Materials provided>

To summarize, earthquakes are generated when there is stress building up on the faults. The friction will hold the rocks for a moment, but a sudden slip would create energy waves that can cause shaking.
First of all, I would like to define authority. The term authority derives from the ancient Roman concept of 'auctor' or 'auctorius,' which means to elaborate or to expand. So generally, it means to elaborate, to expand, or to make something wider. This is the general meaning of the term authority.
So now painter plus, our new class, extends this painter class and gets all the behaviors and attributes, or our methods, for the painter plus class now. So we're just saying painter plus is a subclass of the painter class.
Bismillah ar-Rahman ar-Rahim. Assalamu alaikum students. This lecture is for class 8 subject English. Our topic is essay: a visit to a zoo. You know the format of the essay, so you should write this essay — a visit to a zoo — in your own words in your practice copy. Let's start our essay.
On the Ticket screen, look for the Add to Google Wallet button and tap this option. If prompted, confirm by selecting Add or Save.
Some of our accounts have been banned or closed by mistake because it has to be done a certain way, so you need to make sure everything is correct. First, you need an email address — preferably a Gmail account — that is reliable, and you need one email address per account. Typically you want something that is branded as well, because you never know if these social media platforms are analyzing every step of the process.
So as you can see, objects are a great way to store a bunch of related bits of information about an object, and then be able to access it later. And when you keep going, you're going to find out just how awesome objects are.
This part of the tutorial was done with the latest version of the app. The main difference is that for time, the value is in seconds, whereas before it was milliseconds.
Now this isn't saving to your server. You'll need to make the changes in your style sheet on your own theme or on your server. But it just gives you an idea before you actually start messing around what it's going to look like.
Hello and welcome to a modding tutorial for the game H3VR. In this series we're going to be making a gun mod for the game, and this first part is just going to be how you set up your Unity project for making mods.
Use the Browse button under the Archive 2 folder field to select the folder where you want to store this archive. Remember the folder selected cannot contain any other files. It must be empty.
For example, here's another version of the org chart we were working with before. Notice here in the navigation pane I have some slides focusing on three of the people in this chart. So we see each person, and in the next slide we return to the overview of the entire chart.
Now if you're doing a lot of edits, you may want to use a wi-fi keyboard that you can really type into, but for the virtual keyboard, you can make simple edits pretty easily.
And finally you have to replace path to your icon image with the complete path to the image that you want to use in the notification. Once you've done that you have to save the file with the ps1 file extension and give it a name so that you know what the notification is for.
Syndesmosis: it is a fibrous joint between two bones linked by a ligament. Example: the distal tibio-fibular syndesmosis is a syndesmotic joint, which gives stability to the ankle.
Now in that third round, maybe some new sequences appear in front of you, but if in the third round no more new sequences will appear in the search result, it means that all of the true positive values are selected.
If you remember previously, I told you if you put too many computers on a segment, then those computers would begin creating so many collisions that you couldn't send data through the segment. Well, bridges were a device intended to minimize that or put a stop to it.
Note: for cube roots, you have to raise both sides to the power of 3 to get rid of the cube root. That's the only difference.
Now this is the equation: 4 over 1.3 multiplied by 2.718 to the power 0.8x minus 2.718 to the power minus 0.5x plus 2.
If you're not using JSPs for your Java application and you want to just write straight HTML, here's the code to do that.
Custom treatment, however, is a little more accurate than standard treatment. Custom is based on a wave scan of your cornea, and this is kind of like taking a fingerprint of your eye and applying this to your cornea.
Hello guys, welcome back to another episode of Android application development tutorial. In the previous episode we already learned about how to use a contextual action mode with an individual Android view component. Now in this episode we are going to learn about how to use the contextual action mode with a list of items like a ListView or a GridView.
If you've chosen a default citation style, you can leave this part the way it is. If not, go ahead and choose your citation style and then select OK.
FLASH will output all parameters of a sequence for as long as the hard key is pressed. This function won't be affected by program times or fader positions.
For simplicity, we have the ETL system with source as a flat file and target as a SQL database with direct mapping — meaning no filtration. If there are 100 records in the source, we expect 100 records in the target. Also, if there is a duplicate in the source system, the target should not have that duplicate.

Required work>
Copy out the full set of records precisely, leaving nothing out.

Your solution>
To summarize, earthquakes are generated when there is stress building up on the faults. The friction will hold the rocks for a moment, but a sudden slip would create energy waves that can cause shaking.
First of all, I would like to define authority. The term authority derives from the ancient Roman concept of 'auctor' or 'auctorius,' which means to elaborate or to expand. So generally, it means to elaborate, to expand, or to make something wider. This is the general meaning of the term authority.
So now painter plus, our new class, extends this painter class and gets all the behaviors and attributes, or our methods, for the painter plus class now. So we're just saying painter plus is a subclass of the painter class.
Bismillah ar-Rahman ar-Rahim. Assalamu alaikum students. This lecture is for class 8 subject English. Our topic is essay: a visit to a zoo. You know the format of the essay, so you should write this essay — a visit to a zoo — in your own words in your practice copy. Let's start our essay.
On the Ticket screen, look for the Add to Google Wallet button and tap this option. If prompted, confirm by selecting Add or Save.
Some of our accounts have been banned or closed by mistake because it has to be done a certain way, so you need to make sure everything is correct. First, you need an email address — preferably a Gmail account — that is reliable, and you need one email address per account. Typically you want something that is branded as well, because you never know if these social media platforms are analyzing every step of the process.
So as you can see, objects are a great way to store a bunch of related bits of information about an object, and then be able to access it later. And when you keep going, you're going to find out just how awesome objects are.
This part of the tutorial was done with the latest version of the app. The main difference is that for time, the value is in seconds, whereas before it was milliseconds.
Now this isn't saving to your server. You'll need to make the changes in your style sheet on your own theme or on your server. But it just gives you an idea before you actually start messing around what it's going to look like.
Hello and welcome to a modding tutorial for the game H3VR. In this series we're going to be making a gun mod for the game, and this first part is just going to be how you set up your Unity project for making mods.
Use the Browse button under the Archive 2 folder field to select the folder where you want to store this archive. Remember the folder selected cannot contain any other files. It must be empty.
For example, here's another version of the org chart we were working with before. Notice here in the navigation pane I have some slides focusing on three of the people in this chart. So we see each person, and in the next slide we return to the overview of the entire chart.
Now if you're doing a lot of edits, you may want to use a wi-fi keyboard that you can really type into, but for the virtual keyboard, you can make simple edits pretty easily.
And finally you have to replace path to your icon image with the complete path to the image that you want to use in the notification. Once you've done that you have to save the file with the ps1 file extension and give it a name so that you know what the notification is for.
Syndesmosis: it is a fibrous joint between two bones linked by a ligament. Example: the distal tibio-fibular syndesmosis is a syndesmotic joint, which gives stability to the ankle.
Now in that third round, maybe some new sequences appear in front of you, but if in the third round no more new sequences will appear in the search result, it means that all of the true positive values are selected.
If you remember previously, I told you if you put too many computers on a segment, then those computers would begin creating so many collisions that you couldn't send data through the segment. Well, bridges were a device intended to minimize that or put a stop to it.
Note: for cube roots, you have to raise both sides to the power of 3 to get rid of the cube root. That's the only difference.
Now this is the equation: 4 over 1.3 multiplied by 2.718 to the power 0.8x minus 2.718 to the power minus 0.5x plus 2.
If you're not using JSPs for your Java application and you want to just write straight HTML, here's the code to do that.
Custom treatment, however, is a little more accurate than standard treatment. Custom is based on a wave scan of your cornea, and this is kind of like taking a fingerprint of your eye and applying this to your cornea.
Hello guys, welcome back to another episode of Android application development tutorial. In the previous episode we already learned about how to use a contextual action mode with an individual Android view component. Now in this episode we are going to learn about how to use the contextual action mode with a list of items like a ListView or a GridView.
If you've chosen a default citation style, you can leave this part the way it is. If not, go ahead and choose your citation style and then select OK.
FLASH will output all parameters of a sequence for as long as the hard key is pressed. This function won't be affected by program times or fader positions.
For simplicity, we have the ETL system with source as a flat file and target as a SQL database with direct mapping — meaning no filtration. If there are 100 records in the source, we expect 100 records in the target. Also, if there is a duplicate in the source system, the target should not have that duplicate.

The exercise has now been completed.